### Work required
Print the listing below verbatim, passing over each picture.
──────── Information shown ────────
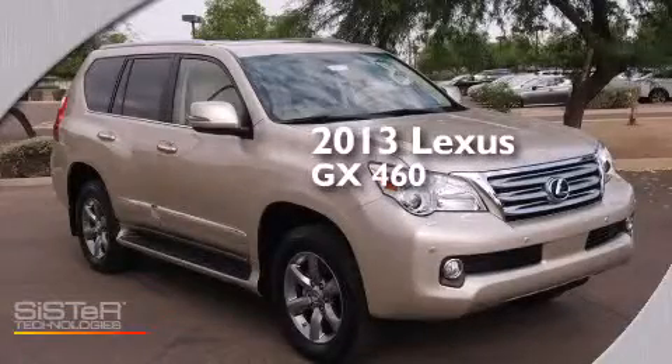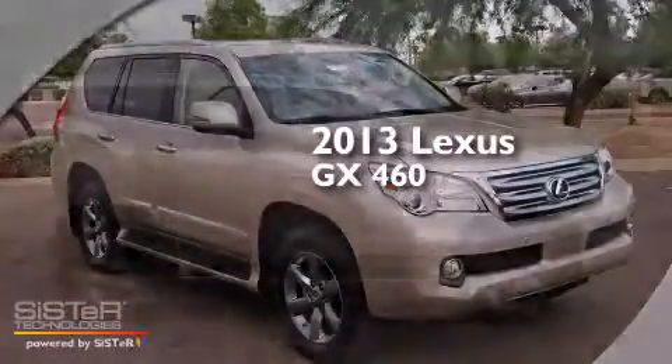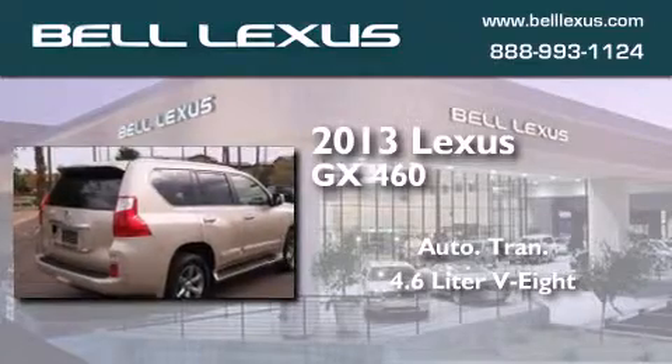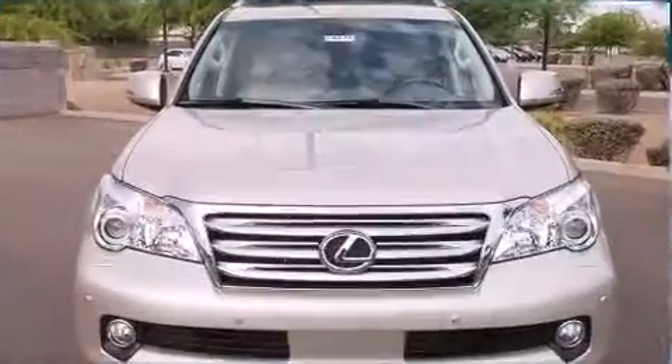This is a brand new 2013 Lexus GX 460. This SUV has an automatic transmission, a 4.6 liter V8, and the added capability of four-wheel drive.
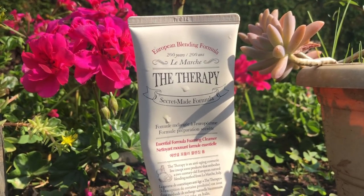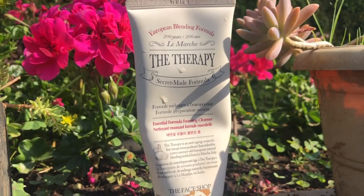Now it's time for a face wash and I love The Therapy Secret Main Formula from The Face Shop. I've been using this for quite some time. Taking a little bit of it, wetting my face, just warming it up between my palms so it spreads nicely all over my face. It's very gentle on the skin — it doesn't strip off my skin and make it ultra dry.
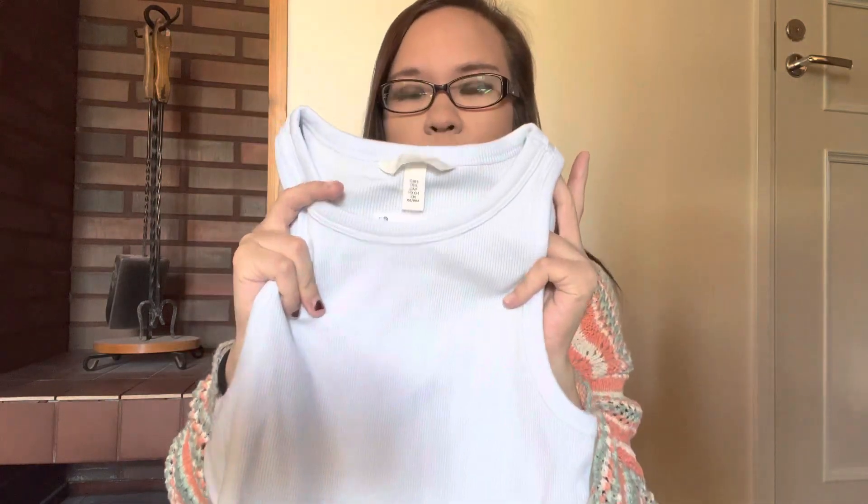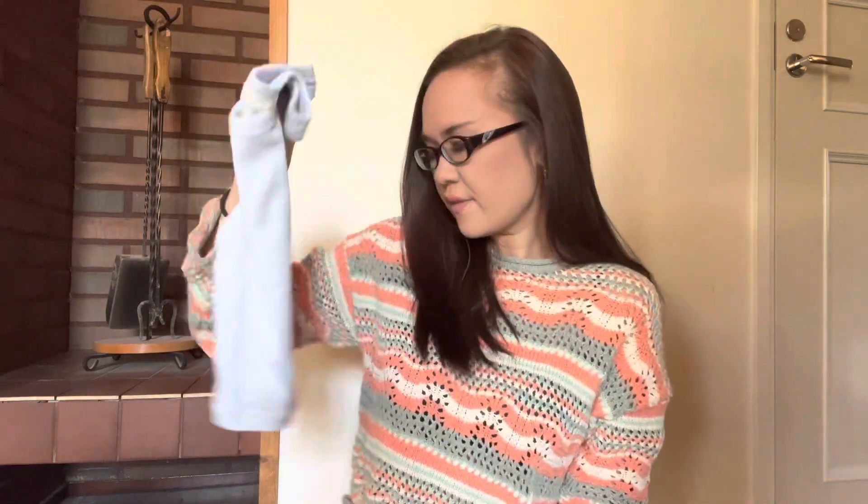I also picked up this other tank top, because you can't go wrong with crop tops and tank tops in the summertime. It's in a really pretty pastel blue, or sky blue color, in a size S, and it was only $4.99. I love these sorts of tops — I have some from Zara and H&M — and I feel like you can wear them all year round, especially in summer and spring.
────────
### Solution for this problem
This is a brand new 2013 Lexus GX 460. This SUV has an automatic transmission, a 4.6 liter V8, and the added capability of four-wheel drive.
Now it's time for a face wash and I love The Therapy Secret Main Formula from The Face Shop. I've been using this for quite some time. Taking a little bit of it, wetting my face, just warming it up between my palms so it spreads nicely all over my face. It's very gentle on the skin — it doesn't strip off my skin and make it ultra dry.
I also picked up this other tank top, because you can't go wrong with crop tops and tank tops in the summertime. It's in a really pretty pastel blue, or sky blue color, in a size S, and it was only $4.99. I love these sorts of tops — I have some from Zara and H&M — and I feel like you can wear them all year round, especially in summer and spring.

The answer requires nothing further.